Major spam operation goes offline, spam plummets

This has been picked up by a couple of other blogs (I'm almost never the first to report on these things) but I'm going to talk about it anyway.  The Washington Post reports that a Web hosting company out of San Jose that hosts spamming organizations was taken offline.  Some excerpts from the article:

Experts say the precipitous drop-off in spam comes from Internet providers unplugging McColo Corp. , a hosting provider in Northern California that was the home base for machines responsible for coordinating the sending of roughly 75 percent of all spam each day.

In other words, McColo Corporation controls a whole pile of spam and they were cut off.  Continuing on in the article:

In an alert sent out Wednesday morning, e-mail security firm IronPort said:

In the afternoon of Tuesday 11/11, IronPort saw a drop of almost 2/3 of overall spam volume, correlating with a drop in IronPort's SenderBase queries.
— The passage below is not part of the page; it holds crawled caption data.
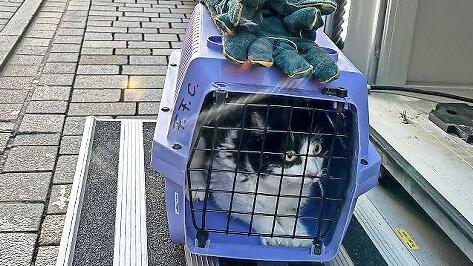 Von der Feuerwehr in Sicherheit gebracht: die gerettete Katze. Frauchen musste ins Krankenhaus.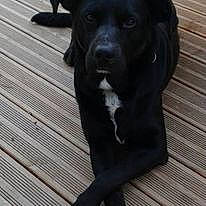 Eclipse a rejoint le concours — aidez-le/la à gagner de superbes lots ! borador, canidae, carnivore, companion_dog, dog, dog_breed, flooring, fur, gun_dog, hardwood, liver, plank, snout, sporting_group, terrestrial_animal, wood, working_animal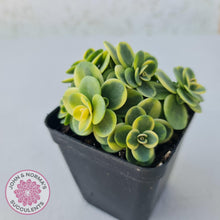 Load image into Gallery viewer, Sedum Lime Twister - John &amp; Norma&#39;s Succulents
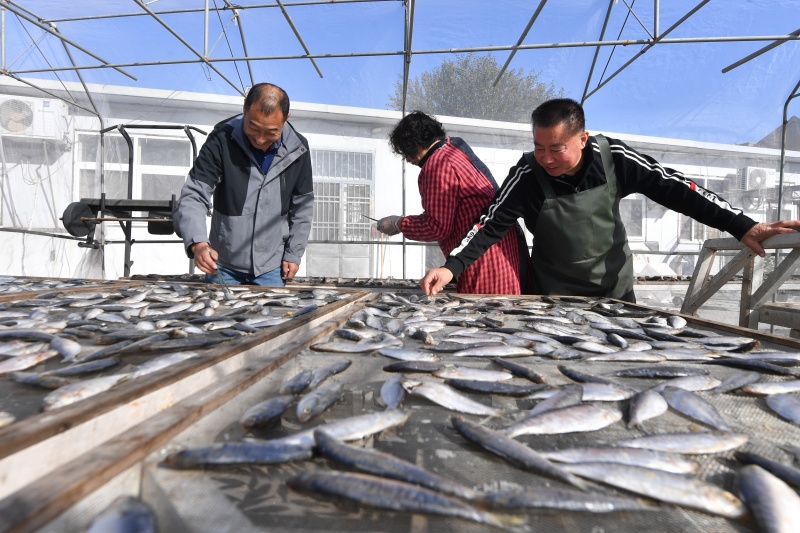 漁民在晾曬各種“一鹵鮮”風(fēng)味魚干。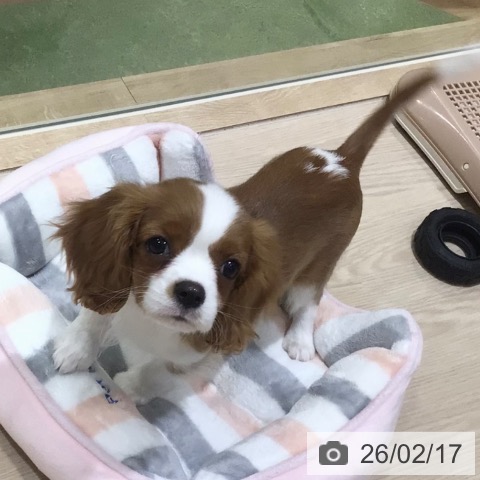 東京都のキャバリアキングチャールズスパニエル (ペットプラス アクアシティお台場店/2025年11月23日生まれ/女の子/ブレンハイム)の子犬の4枚目の画像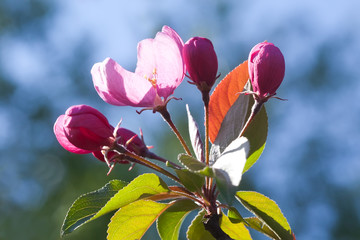 Wall Mural - Blooming apple trees. Spring flowers. Young leaves. Spring. (soft focus).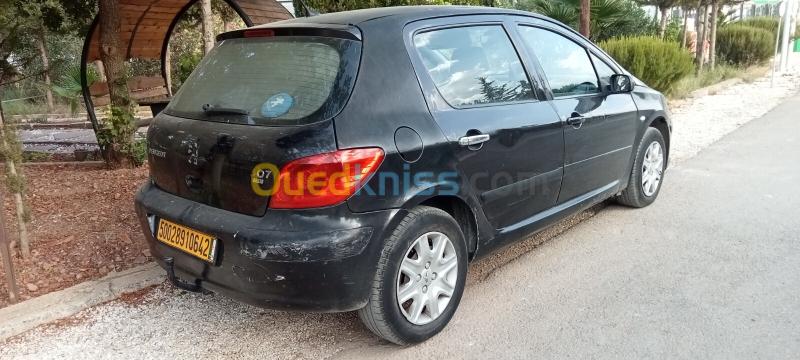 Peugeot 307 2006  3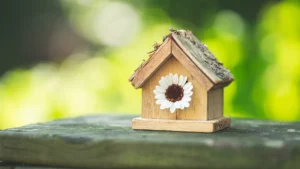 DIY Finch Bird House Plan: Free Build & Nesting Box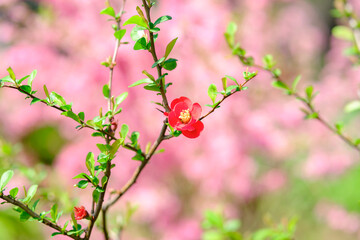 Japanese quince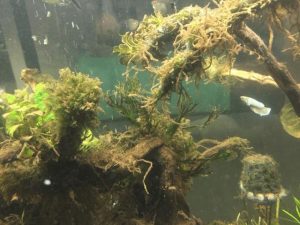 img dich vu khu mui be ca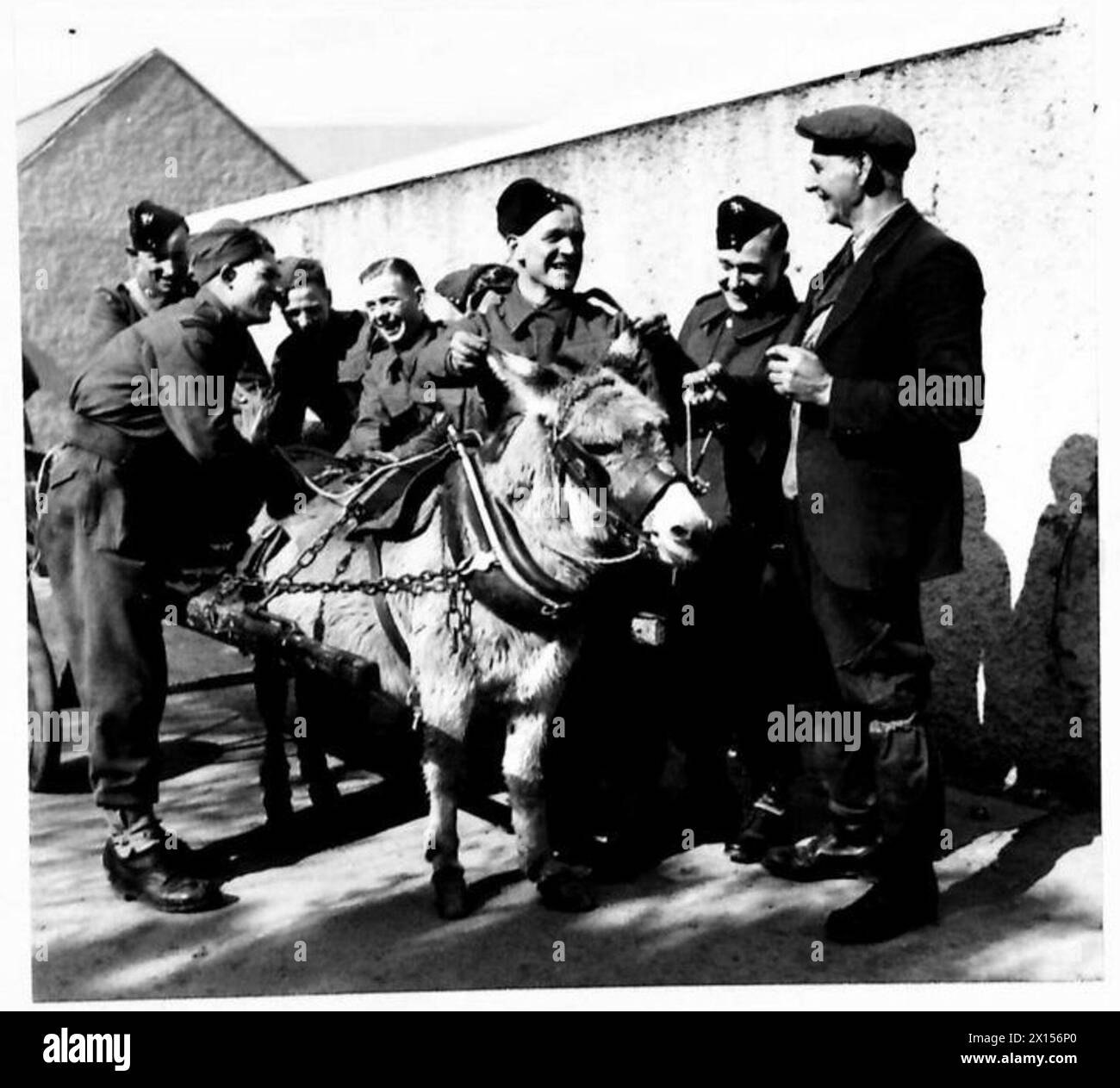 EN IRLANDE DU NORD - certaines des troupes aiment une blague avec le propriétaire local d'une charrette à âne British Army Banque D'Images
While we investigated what we thought might be a technical problem, a major spam network, McColo Corp., was shutdown, as reported by The Washington Post on Tuesday evening.

That is a huge decline in mail.  Our own numbers confirm this.  I checked some numbers really quickly and did the math and plotted the charts.  The amount of mail we saw hitting our inbound servers dropped by 40% in one day.  That's very unusual for a Tuesday.  However, the amount of mail we deliver to end users pretty much stayed the same.

While Ironport does expect the spam levels to return to normal (McColo will probably just plug their servers back in or move buildings), let the record show that I am going to partake in a little bit of schaudenfreude at McColo's expense.